If you don’t need clients to authenticate, you can alternately use "Want client authentication", which is less restrictive. Note that if "Need client authentication" is true, the alternative option must be false.

Solr truststore file

The path to the truststore. The default is /etc/solr-ssl.keystore.jks, so you will need to modify this to the path to your truststore.

Solr truststore file

The password to access the truststore.

Want client authentication

If true, the client can authenticate, but is not required to do so in order to access the system. The default is false.

If you need clients to authenticate, you can alternately use "Need client authentication", which is more restrictive with access. Note that if "Want client authentication" is true, the alternative option must be false.

Advanced solr-log4j

This section provides a template log4j.properties file to customize Solr’s logging features.

Advanced solr-metrics

This section provides a way to customize the metrics that are sent by HDP Search to the Ambari Metrics System for aggregation by the Metrics System.

HDP Search’s metrics come from Solr, specifically a Solr request handler called the MBeanRequestHandler, which provides access to internal statistics. The handler is described in more detail in the Apache Solr Reference Guide section MBean Request Handler.

Solr’s metrics are split into several groups. Ambari’s configuration options allow you to decide what metrics you will collect. There are several options:

Enable Solr Metrics

Allows enabling metrics collection by the Ambari Metrics System.

Solr Metrics configuration directory

The directory where the metrics configuration file is found. The default is /opt/lucidworks-hdpsearch/metrics/conf.

Solr Metrics log directory

The directory where metrics logs will be stored. The default is /opt/lucidworks-hdpsearch/metrics/log.

Solr Metrics PID directory

The directory where the metrics process ID will be stored. The default is /opt/lucidworks-hdpsearch/metrics/var.

Solr Cache stats

Enable this for metrics for Solr’s caches to be sent to the Ambari Metrics Collector. The default Grafana dashboard included with HDP Search has a section for these statistics ("Caches"); if this is disabled that section of the default dashboard may return an error.

More information on Solr’s caches is available from the Apache Solr Reference Guide section on Caches.

Solr Core stats

Enable this for metrics for Solr’s searcher to be sent to the Ambari Metrics Collector.

The searcher is responsible for processing all queries. This data is not reflected in the default Grafana dashboard (in preference to individual stats from the QueryHandler, described below).

Solr QueryHandler stats

Enable this for metrics for Solr’s query request handlers to be sent to the Ambari Metrics Collector. The default Grafana dashboard included with HDP Search has a section for these statistics ("Queries"); if this is disabled that section of the default dashboard may return an error.
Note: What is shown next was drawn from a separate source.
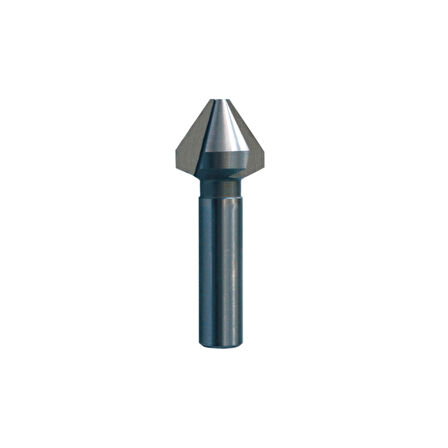 6.3mm CZTOOL HAVŞA FREZE 60° DIN334/C HSS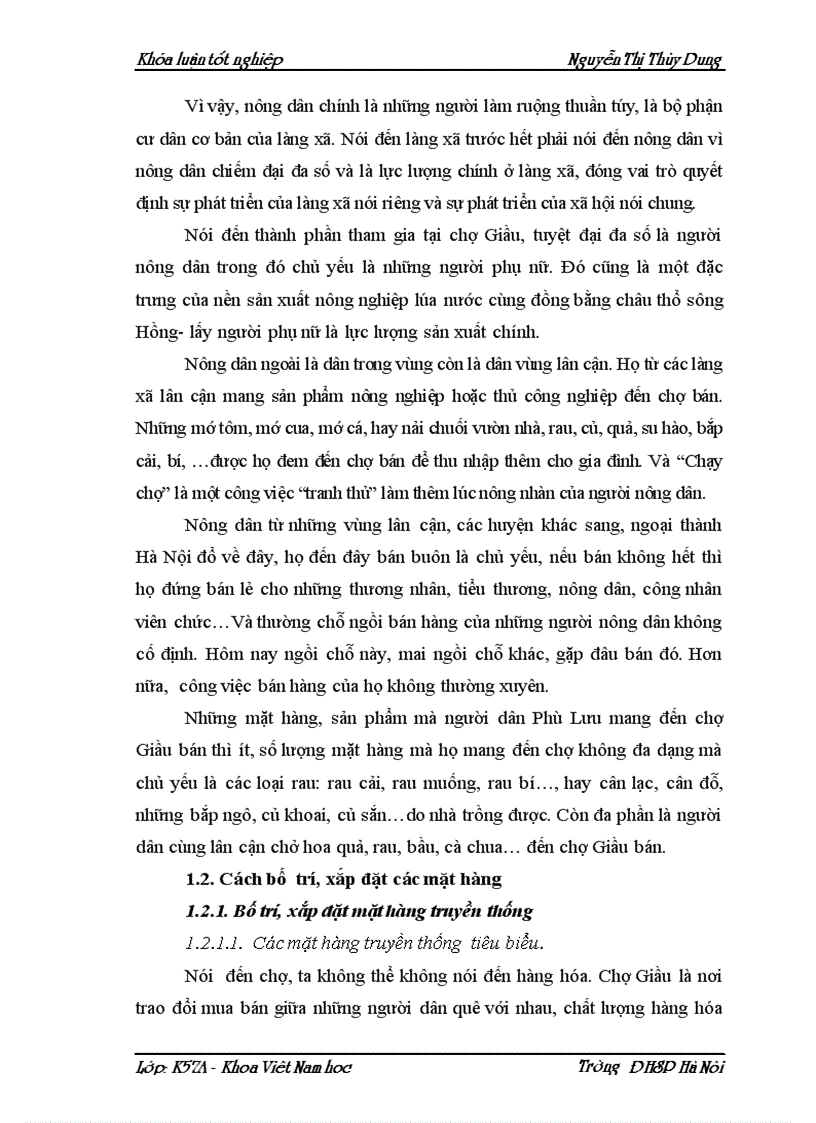 image for page Tìm hiểu một số nét văn hóa tiêu biểu của chợ Giầu ở xã Đông Ngàn thị xã Từ Sơn tỉnh Bắc Ninh trong quá trình đô thị hóa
This section of the metrics tracks all queries by the individual request handlers used for each query request. When this is requested data for all request handlers will be sent to the Ambari Metrics System, but only 5 are chosen for display in the Grafana dashboard: /select, /query, /get, /export and /browse.

More information is available from the Apache Solr Reference Guide section RequestHandlers and SearchComponents in SolrConfig.

Solr UpdateHandler stats

Enable this for metrics for Solr’s update handlers to be sent to the Ambari Metrics Collector. The update handler processes all documents a user has requested to be added to the system.

The default Grafana dashboard included with HDP Search has a section for these statistics ("Indexing"); if this is disabled that section of the default dashboard may return an error.

Solr System stats

Enable this for metrics for Solr’s overall system health to be sent to the Ambari Metrics Collector. These stats are used for the default Ambari alerts (Solr CPU Usage and Solr Memory Usage); if they are disabled, those alerts will not be able to provide warnings in case critical thresholds are met or exceeded.

solr_metrics_properties

A template properties file to further customize Solr’s metrics collection.

Custom Sections

Custom configuration sections are displayed, but are not currently used. If you enter any local parameters in those sections, they will possibly be ignored.